Its policy of encouraging engineers to spend 20 per cent of their time working on new ideas seems to be successful, mainly at producing poorly executed gimmicks that feel like the side projects they are. Consider Knol, a failed attempt at making a better Wikipedia, or Google video, a useless YouTube clone that has being quietly shuttered. Other new releases seem more promising. Chrome looks to be an industrial strength web browser designed for the modern era of internet applications, and the Android mobile phone operating system has quickly displaced Microsoft's Windows Mobile and Nokia's Symbian as the most exciting mobile system not made by Apple or Research in Motion (RIM).

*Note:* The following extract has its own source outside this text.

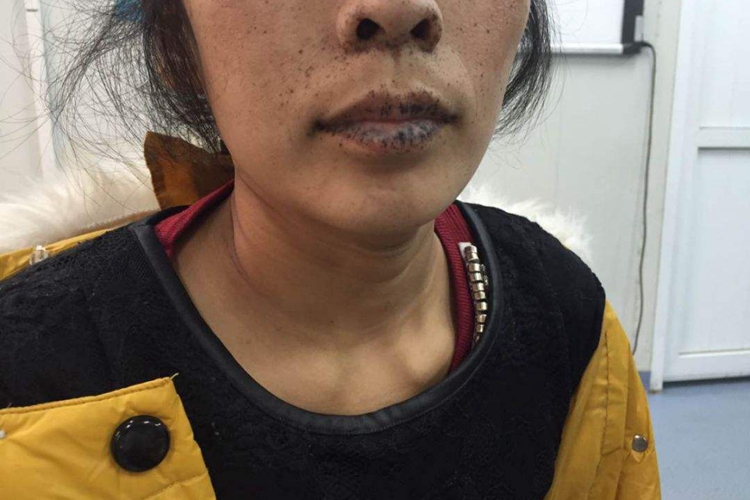 嘴唇黑是哪里有问题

But its move into the operating system market seems to be a clear attempt to stay on the attack against Microsoft, which only recently launched its high-profile new search engine. Building a free, open-source operating system that capitalises on the new realities of an everything online world is a truly great idea. It is just a pity it is being done as a strategic punch to the throat by a company known for poor execution.
And when it comes to poor execution, it would be hard to trump the Microsoft of recent years, whose Windows Vista operating system will be remembered as one of the great failures in software history. The mediocre Zune music player, Microsoft's me-too attempt at an iPod, was also less than impressive. On the internet, Microsoft's track record is also questionable. Its MSN web portal is not bad but not good, and its star asset, Hotmail, was acquired from outside and has been managed with competence, but not vision. The technical superiority of Google's Gmail has blown it out of the water.
This week, the company said it would launch a free, web-based version of its Office software, a US$10 billion (Dh36.73bn) revenue raiser for which the company charges hundreds of dollars a copy. Google and others have been offering internet-based notepad, calendar and spreadsheet programs free for some time. Now Microsoft will do the same. This, and Microsoft's renewed push into search, should send shivers down the spines of consumers. There was a time when the company could bully almost anybody out of any computer market it wanted to occupy, simply by bundling its own competing product with its near-monopoly operating system. The rise of products such as Internet Explorer, Windows Messenger and Microsoft Office was directly connected to this anti-competitive streak.
But regulators in Europe and the US grew tired of this behaviour, and after years of fines and regulatory harassment it has learnt to tread gently when it comes to taking advantage of its dominant operating system. Now, with Google proudly announcing an operating system not just bundled with a browser, but built entirely on a browser, Microsoft's good behaviour may be coming to an end. Google has learnt to leverage its dominance of the search market to grow other products such as Gmail and Google News, and regulators are yet to raise their voices.
As Google proudly pushes an integrated "platform" of e-mail, mobile handsets and online advertising - all driven and funded, of course, by its near monopoly in the search market - it will be much harder to keep Microsoft's anti-competitive inclinations in check. Why can't they, for example, bundle their music playing software with their operating system, as Apple does? And why can't Windows operating systems be closely integrated with their online services, as Google does?